WHAT YOU ARE ASKED TO DO:
The goal is a clean copy of all the data below, with pictures dropped and everything else retyped exactly.

DATA SEGMENT:
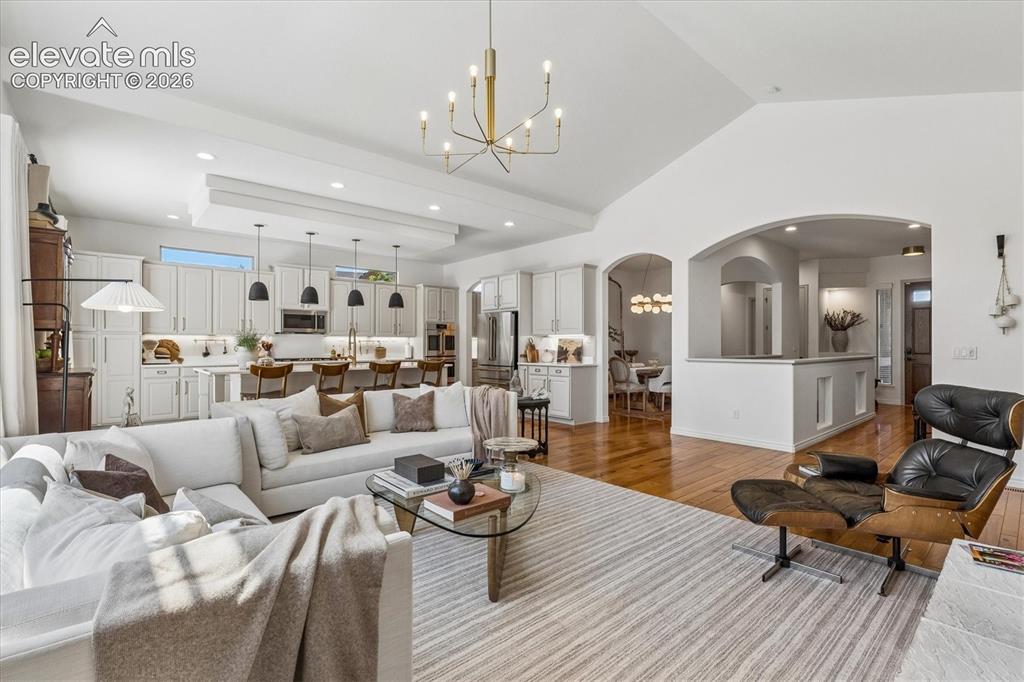 Image 10 of 50: Spacious living area featuring vaulted ceilings, wood-finish flooring, and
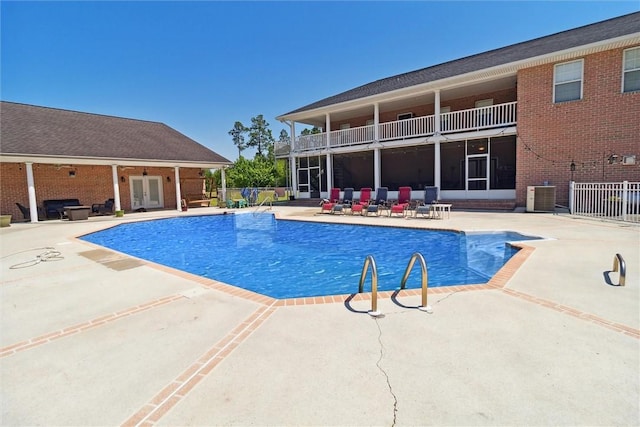 view of pool featuring central AC and a patio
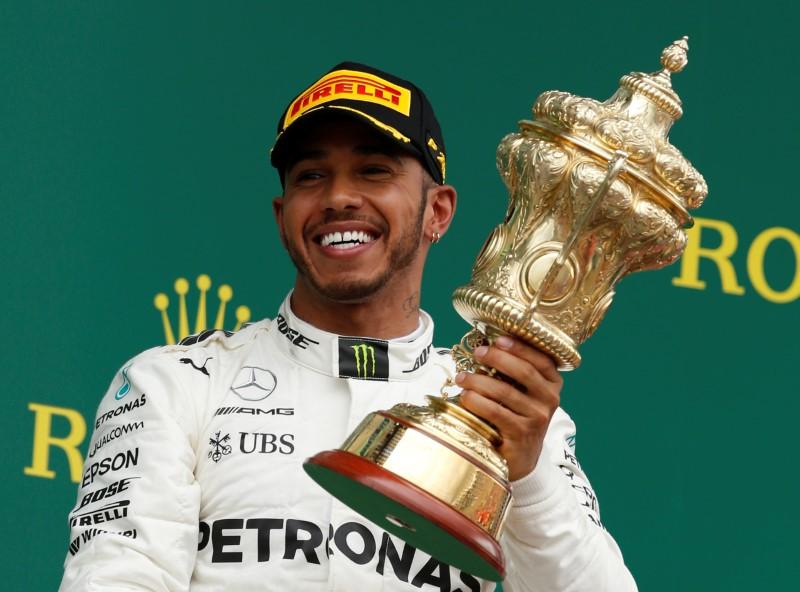 Hamilton slashes Vettel's lead to win British Grand Prix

SOLVED PROBLEM:
 Image 10 of 50: Spacious living area featuring vaulted ceilings, wood-finish flooring, and
 view of pool featuring central AC and a patio
 Hamilton slashes Vettel's lead to win British Grand Prix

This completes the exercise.